Supporters of a bill for a new Minnesota Vikings stadium project, including Gov. Mark Dayton, spent the weekend engaged in a furious round of fourth quarter lobbying to save the plan and possibly the team's future in the state. The Minnesota House will vote on a $1 billion compromise plan, of which the state will pay roughly $400 million through gaming revenues.
Gov. Dayton and Vikings defensive end Jared Allen, who led the NFL with 22 sacks last season, held a rally at the Mall of America on Saturday urging supporters to press their legislators to support the bill. On Monday, Vikings fans and others supporting the bill, including the state's labor unions and representatives of the business community, will rally on the capitol lawn. Second-year quarterback Christian Ponder will be on hand for that event.
Right now, Gov. Dayton believes the bill to be a few votes shy of passage, according to the Minneapolis Star Tribune. That should make for one of the most watched floor debates in this year's legislative session, as supporters and opponents twist and turn to sway a handful of voters on the fence.
Behind the scenes, an unusual alliance of business and labor leaders have taken on a more direct lobbying effort. The Governor has also met with legislative leaders to press their support.
Complicating matters is a Republican tax bill that Gov.

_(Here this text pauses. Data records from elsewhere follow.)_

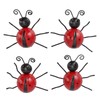 4Pcs Ladybug Wall Decoration Iron Ladybug with Black Spots Ladybug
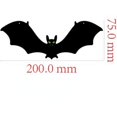 thumbnail image 1 of Colgante de murciélago negro para Halloween, decoración del hogar para fiesta al aire libre, patio, pared, árbol, ojos brillantes, murciélago grande, 2023, 1 of 4
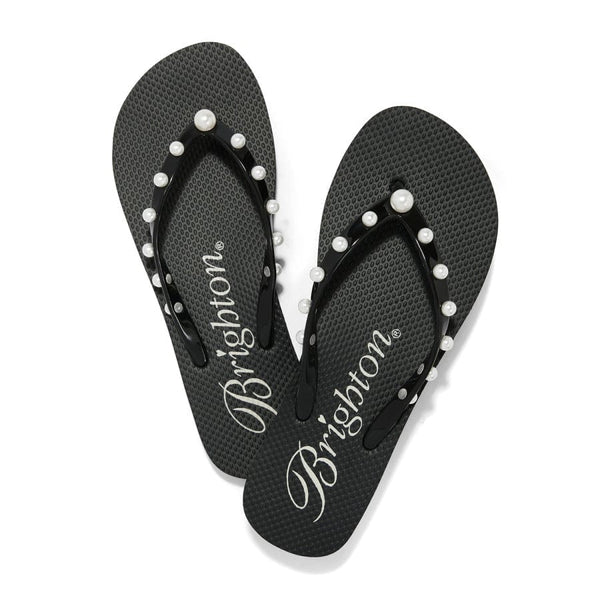 Pearly Black Flip Flop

Dayton vetoed Friday. The tax bill could return, in some form, as part of a compromise to bring in Republican votes for the stadium bill which is the Governor's top priority for the end of this legislative session.
If the bill passes a House vote on Monday, it would then go the Senate for approval before landing on Gov. Dayton's desk for a signature.
The Vikings' lease on the Metrodome lapsed at the end of last season. The team will play there again in 2012, but is under no obligation to stay beyond that.